» Work order:
Transcribe everything in the records, dropping and changing nothing.

» Provided information:
■ ■ ■ ■ ■

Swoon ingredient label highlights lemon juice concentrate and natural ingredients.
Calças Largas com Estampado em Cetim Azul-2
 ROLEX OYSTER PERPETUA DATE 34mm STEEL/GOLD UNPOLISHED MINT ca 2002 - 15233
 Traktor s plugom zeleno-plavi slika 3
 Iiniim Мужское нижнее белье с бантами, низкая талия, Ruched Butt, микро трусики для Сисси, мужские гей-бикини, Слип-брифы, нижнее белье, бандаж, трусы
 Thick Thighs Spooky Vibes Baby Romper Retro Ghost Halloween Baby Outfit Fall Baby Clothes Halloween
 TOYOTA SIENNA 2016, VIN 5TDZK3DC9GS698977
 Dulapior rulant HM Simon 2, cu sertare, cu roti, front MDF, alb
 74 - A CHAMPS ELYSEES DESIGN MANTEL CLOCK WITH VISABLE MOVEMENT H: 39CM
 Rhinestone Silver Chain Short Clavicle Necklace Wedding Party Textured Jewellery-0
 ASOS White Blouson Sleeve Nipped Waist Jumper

■ ■ ■ ■ ■

» Solution to the exercise:
Swoon ingredient label highlights lemon juice concentrate and natural ingredients.
Calças Largas com Estampado em Cetim Azul-2
 ROLEX OYSTER PERPETUA DATE 34mm STEEL/GOLD UNPOLISHED MINT ca 2002 - 15233
 Traktor s plugom zeleno-plavi slika 3
 Iiniim Мужское нижнее белье с бантами, низкая талия, Ruched Butt, микро трусики для Сисси, мужские гей-бикини, Слип-брифы, нижнее белье, бандаж, трусы
 Thick Thighs Spooky Vibes Baby Romper Retro Ghost Halloween Baby Outfit Fall Baby Clothes Halloween
 TOYOTA SIENNA 2016, VIN 5TDZK3DC9GS698977
 Dulapior rulant HM Simon 2, cu sertare, cu roti, front MDF, alb
 74 - A CHAMPS ELYSEES DESIGN MANTEL CLOCK WITH VISABLE MOVEMENT H: 39CM
 Rhinestone Silver Chain Short Clavicle Necklace Wedding Party Textured Jewellery-0
 ASOS White Blouson Sleeve Nipped Waist Jumper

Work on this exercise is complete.